2025 can am pulse charging in a driveway
Matt Farah

Dynamically, these EV bikes beat the Vespa. They are only marginally more powerful, but with instant, silent torque, they just rip away from a red light to safety. The larger wheels and brakes mean a better ride and safer stopping distances. Many of the EV bikes offer wireless Apple CarPlay connectivity through their tablets, which can be great for using Google Maps or Waze without exposing your phone to the elements.

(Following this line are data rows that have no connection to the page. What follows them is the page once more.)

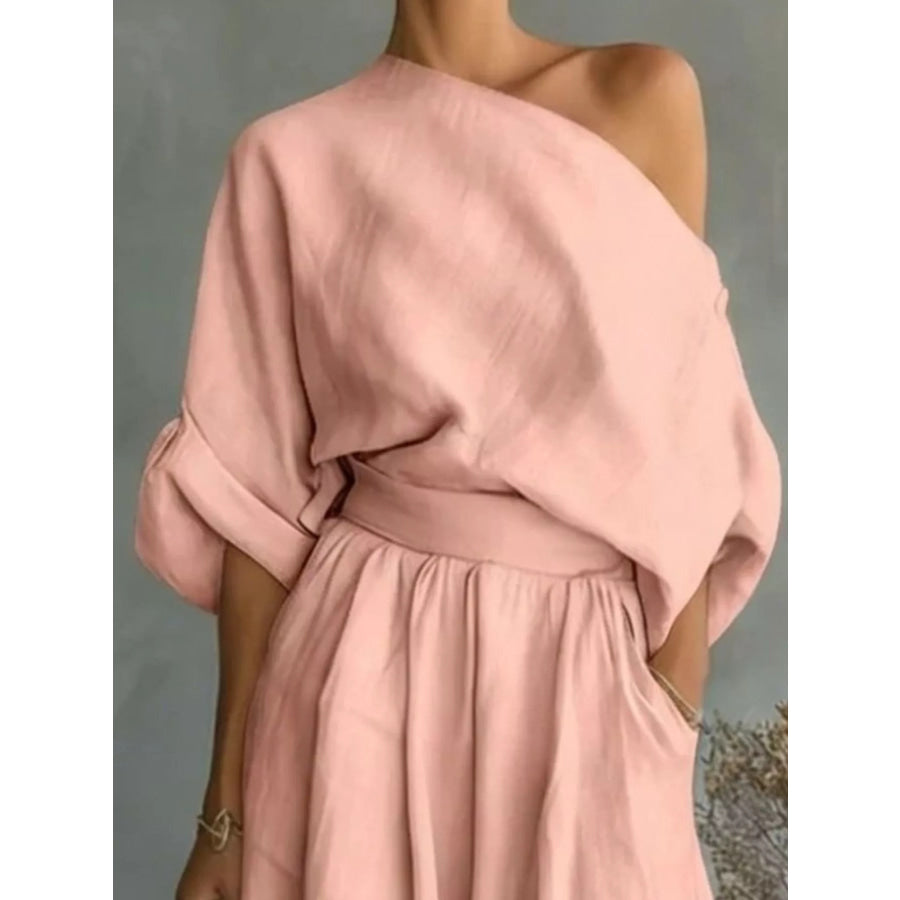 Full Size One Shoulder Top and Wide Leg Pants Set Plus Size Apparel and Accessories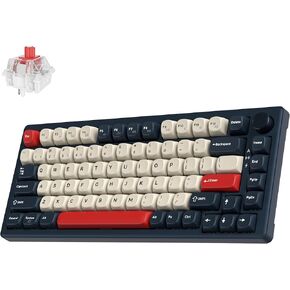 J2 75% Wireless Mechanical Gaming Keyboard, Gasket Tri-Mode BT5.1/USB-C/2.4GHz Hot Swappable 82 Keys RGB Backlit with Custom Knob Super Red Switch, PTB Keycap, QMK/VIA for Win/Linux/Mac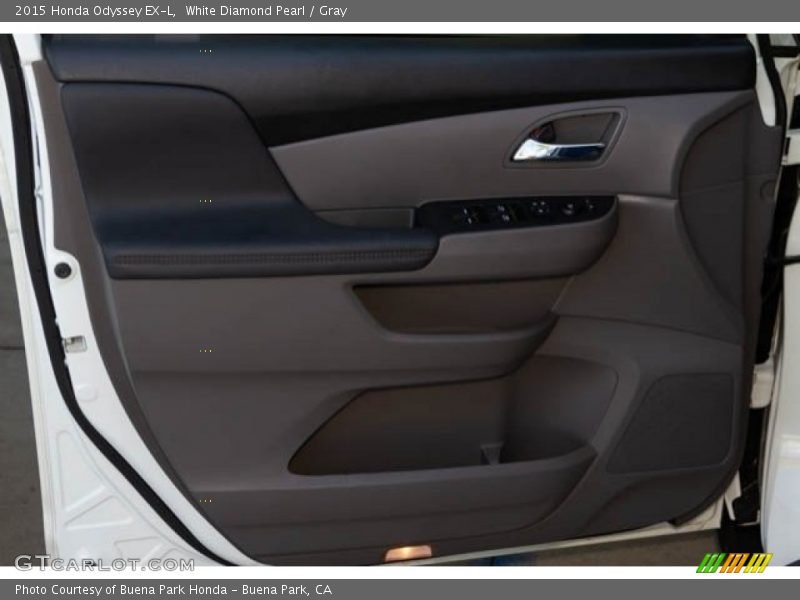 White Diamond Pearl / Gray 2015 Honda Odyssey EX-L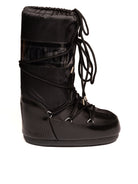Doposci in nylon nero MOON BOOT vista laterale con allacciatura incrociata e logo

lime green vespa and two other cars
The Vespa. Matt Farah

But in two crucial ways, the Vespa wins: lockable storage that matches the bike and doesn’t take away from rider space, and value. Motorcycles—if you overlook the fact that you’re exposed to the elements and therefore in far more danger than in a car—offer amazing value. They are very quick for the money. They are very efficient for the money. They depreciate slower than cars. They don’t take up much space, parking is generally free, and maintenance is usually reasonable. The more miles you do, the more value they generate.

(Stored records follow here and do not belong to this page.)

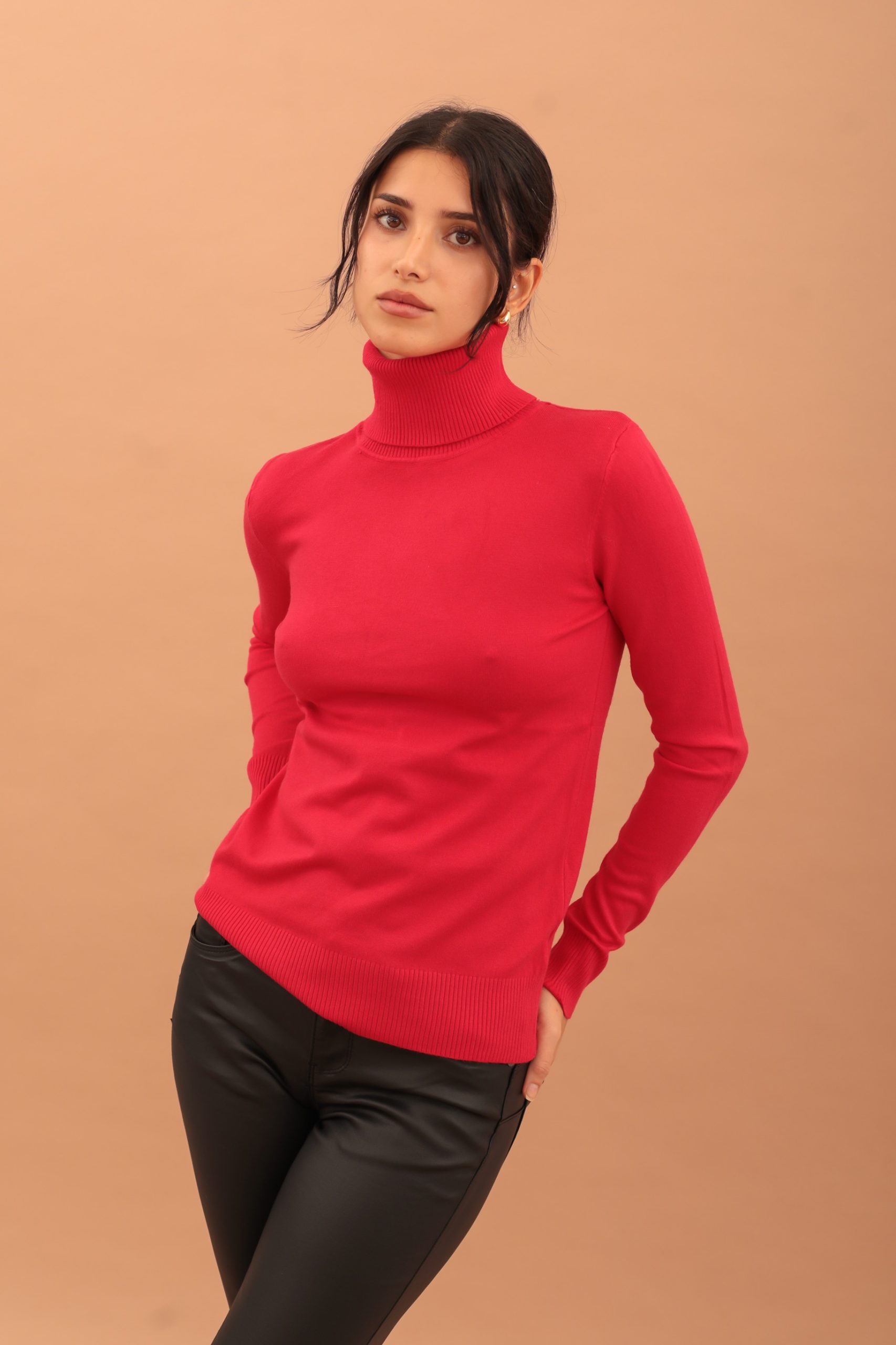 VIVIAN TURTLENECK KNIT - RED - Image 4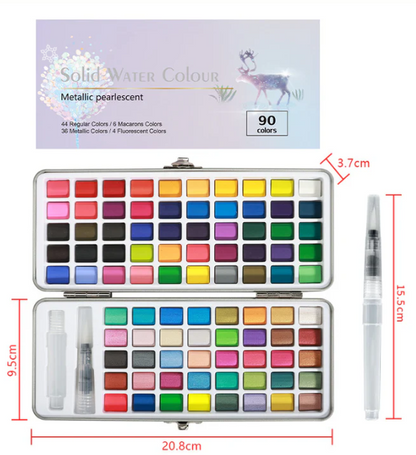 Portable Watercolour Paint Set with 50 Pans and Travel Brush Kit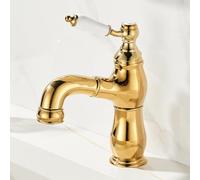 ISCBAFYX Mitigeur de Lavabo de Salle de Bain Robinets de Salle de Bain Vintage avec Douchette Extractible Robinet de Lavabo Monotrou, Robinet de Lavabo à Levier Unique Or Chaud Froid Court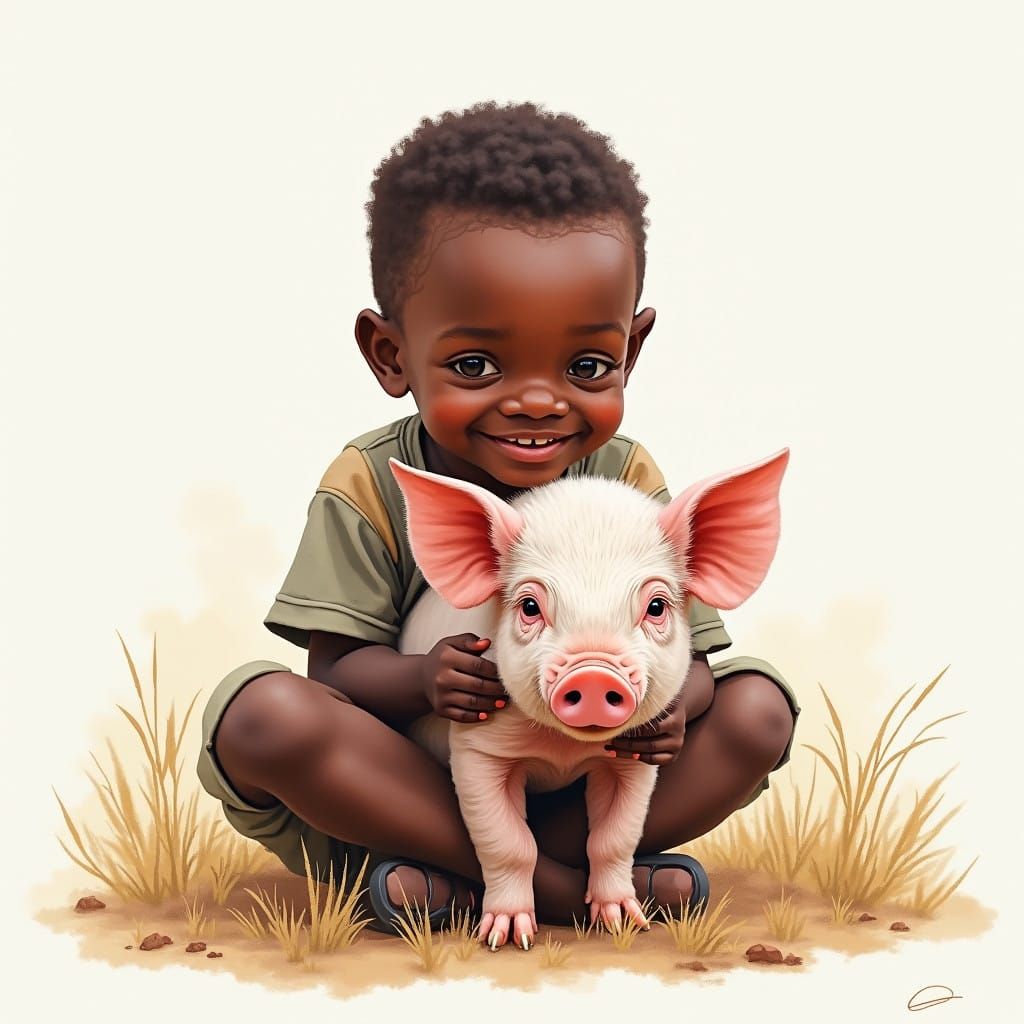 Whimsical African Boy Hugs His Pig in Muted Watercolor
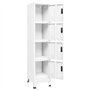 Toshilian Vestiaire, Armoire à Casiers Métallique Blanc 38x45x180 cm Acier
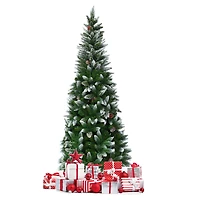 Costway 5ft. Unlit Snow Flocked with Pine Cones Pencil Artificial Christmas Tree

The Can-Am Pulse is $13,889. An entry-level Ducati Monster is a thousand bucks cheaper with a lot more power and a lot less weight. The Livewire One starts at $15,999. A Harley Nightster? Just $9,999.

2025 can am pulse
Matt Farah

The Vespa Primavera Elettrica 70 is $8,299. Vespa’s own Primavera 150, which makes more than double the power and returns over 60 mpg, is $5,749.

Electric bikes are fun, but offer little value, something universal across nearly all aspects of the rest of modern motorcycling. They are inconvenient, heavily dependent on your size and shape to deliver the range promises, and priced well above what competitive gas-powered models sell for, but without any Federal Tax Credits to incentivize the switch. One final kick in the teeth? Depreciation. Just like cars, EV bikes depreciate faster than their petrol-powered alternatives. Used Livewire Ones can be found with three-digit mileage at half price.

All this is kind of a shame because I really would love to ride around L.A. on an electric motorcycle. If you haven’t tried one, you really should. It’s a totally unique experience, and in my opinion, more fun than electric cars. Believe me, the folks selling these things love to offer test rides, so just go. I want the industry to innovate. If they can deliver a real-world 100-mile experience, so I can go about my day, have some fun, maybe even ride up a mountain once or twice? I’m one hundred percent in. But I struggle to see how we get there with today’s battery technology, or how we avoid the obvious problems I’ve pointed out here.

Enthusiasts might not want to hear this, but if motorcycles are overrepresented in terms of emissions, maybe it’s time we start catalyzing them and testing them. It worked for cars, and with today’s technology, OEMs could easily clean up tailpipe emissions without losing performance... if they were forced to do so by literally anybody. Nearly any motorcycle is vastly more efficient at moving one or two humans around than nearly any car is. This is not a system that needs complete reinvention. Solutions for this problem exist; we just need the will to implement them.

But without offering value to the consumer, it’s hard to see the point of an electric motorcycle right now. There are too many sacrifices, too many variables, and not enough reward. And considering motorcycles are already very fuel efficient, the current offering of EV bikes seems like the wrong answer to a question nobody even asked.